I keep getting distracted.
So now that the building sets are out, I need to just go back to concentrating on the movie again.
But for Spawn, I'm going to put a new artist / writer team on the book, probably… I haven't made the determination on the artist at this point, but… And then, just sort of make the Spawn comic book relevant again, starting with 251.
ComicBook.com: How do you go about finding a new artist? Do you just accept portfolios as they come in? Do you go out and find people?
Todd McFarlane: I mean I'm content with the guy right now, so if I can't find a guy that I think will fit with the new writer, then I've got a guy that… I want to change the style of the current art a little bit, and then I think he'd still be a perfect fit on it. But yeah, just looking at stuff and just going… if something strikes my fancy, it doesn't have to look like the previous guy, it just has to strike my fancy and ultimately the guy's gotta keep a deadline.
ComicBook.com: Last question. How do you fit it all into a day? What does an average day look like for you between working with the toys and doing the comics and now working on the movie?0comments
Todd McFarlane: You know what? I'm fortunate 'cause I employ a lot of people.
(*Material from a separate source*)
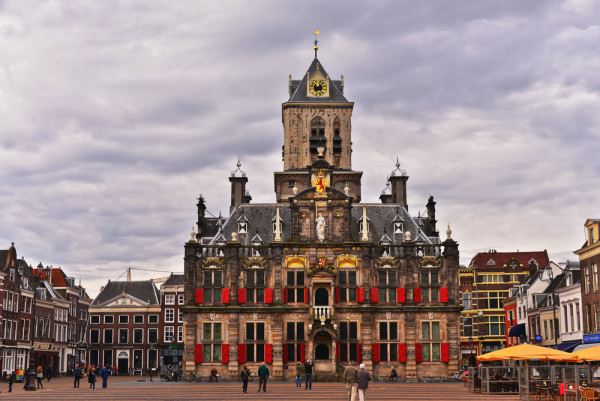 Timp liber la dispozitie sau optional, excursie de 1 zi la Delft, Rotterdam si Haga. Prima oprire o vom face in Delft, oras renumit pentru ceramica albastra care ii si poarta numele.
When I was just me, earlier in my career, sitting in a room, isolated, which is being a novelist and stuff like that can be a lonely occupation. Being a comic book freelancer can be a very lonely occupation. For me, now that I've got 50-60 people that can help me, I don't have to carry the burden myself. I can delegate and get through it all and then I do a lot of coaching, I've got three kids, got a family. And I just over the years have figured out how to split up that twenty four hours or so that I can just lead a normal life. My career was a bigger deal to me when I was younger. And then as you get older, you sort of understand that other things are just as important.